Start of Records provided

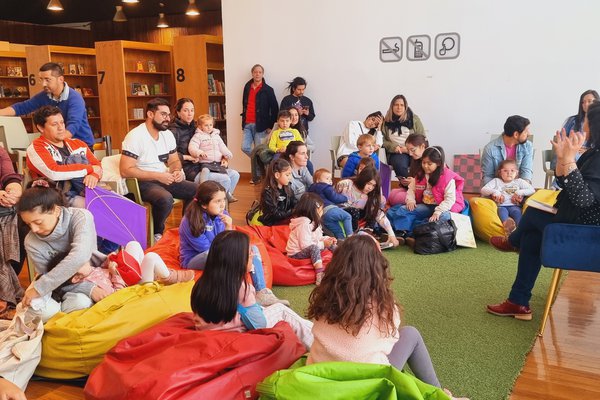  animacion lectora bibliogam (1).jpg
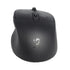 GUNMANSA WINX DO Simple Wireless Mouse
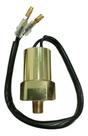 Sensor de pressao de oleo do motor 5i8005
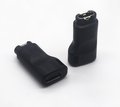 Obrázok pre výrobcu Tactical USB-C Adaptér pro Garmin Fenix 7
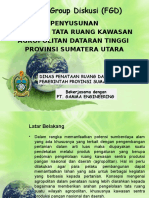 Persentase_FGD_datuk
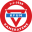 KFUM Oslo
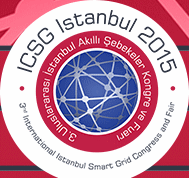 2016土耳其国际能源与智能电网展览暨峰会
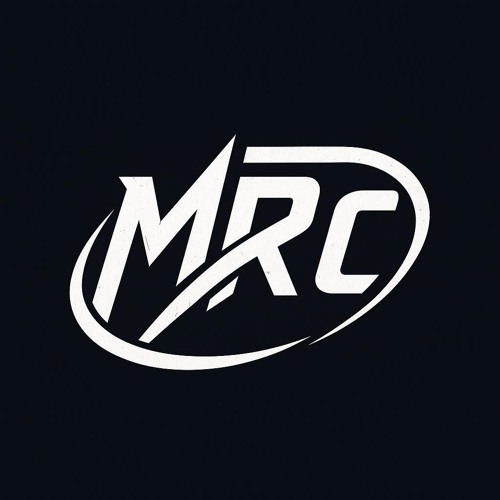 CINTA DALAM DOA 2025 [ MR.C ] #KEEP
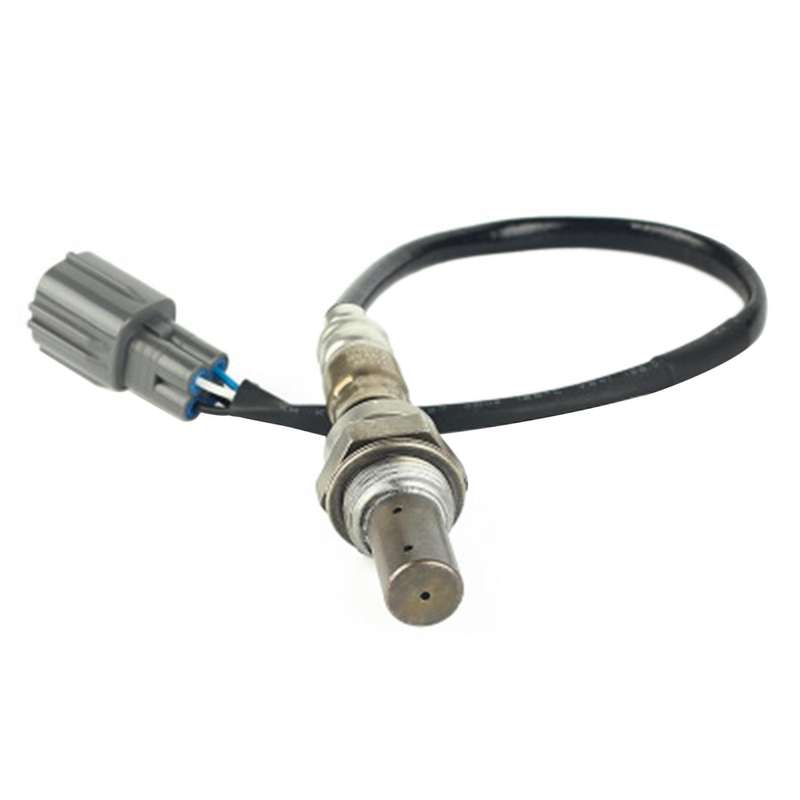 89467-48011 8946748011 O2 Oxygen Sensor Car Air Fuel Ratio Sensor for ES300 RX300 for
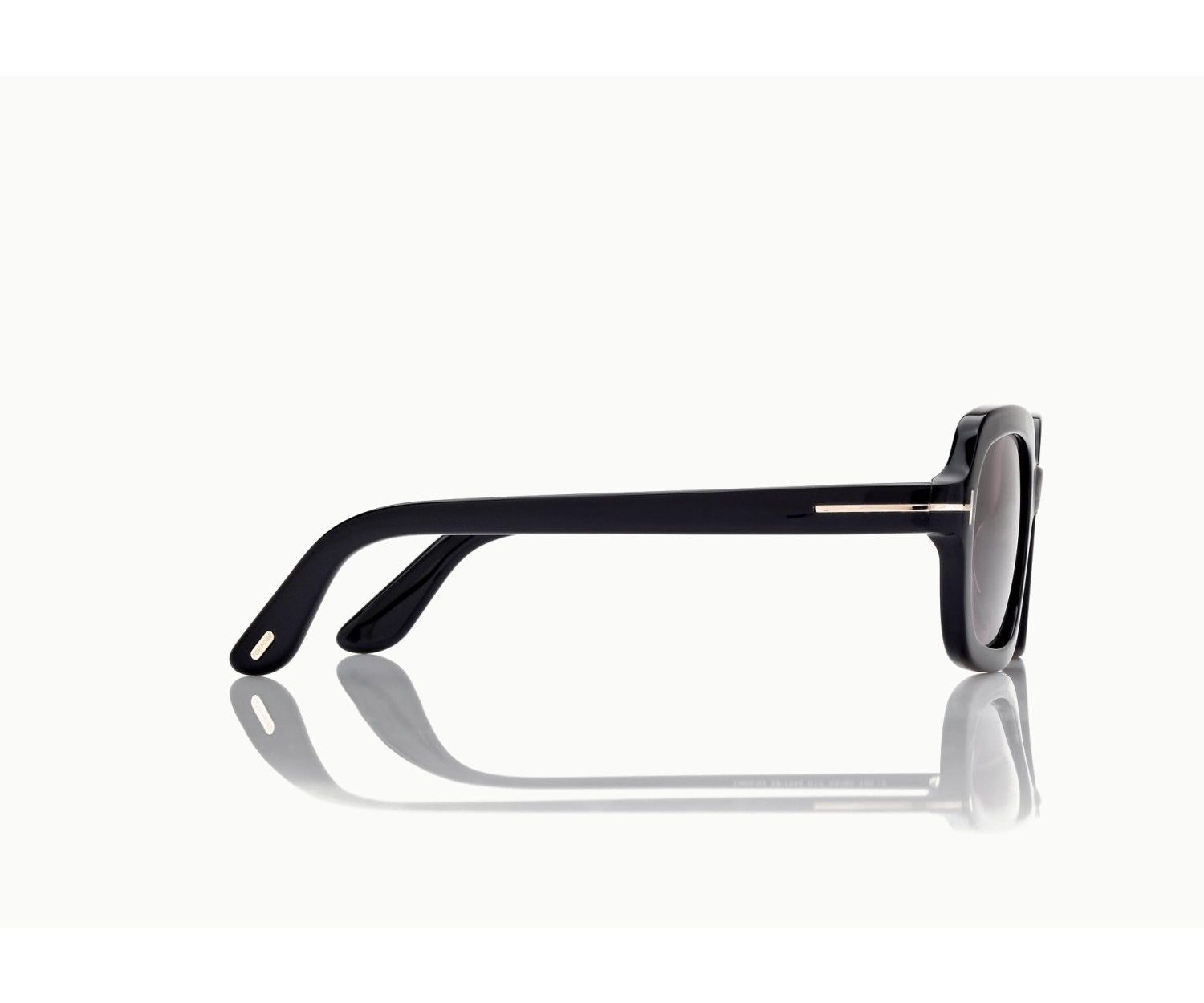 Tom Ford Lana-02 FT1342 - Occhiali da sole 01Y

End of Records provided

**The problem**. Exactly as written, restate the listing above with its pictures omitted.

**The completed task**.
  animacion lectora bibliogam (1).jpg
 GUNMANSA WINX DO Simple Wireless Mouse
 Sensor de pressao de oleo do motor 5i8005
 Obrázok pre výrobcu Tactical USB-C Adaptér pro Garmin Fenix 7
 Persentase_FGD_datuk
 KFUM Oslo
 2016土耳其国际能源与智能电网展览暨峰会
 CINTA DALAM DOA 2025 [ MR.C ] #KEEP
 89467-48011 8946748011 O2 Oxygen Sensor Car Air Fuel Ratio Sensor for ES300 RX300 for
 Tom Ford Lana-02 FT1342 - Occhiali da sole 01Y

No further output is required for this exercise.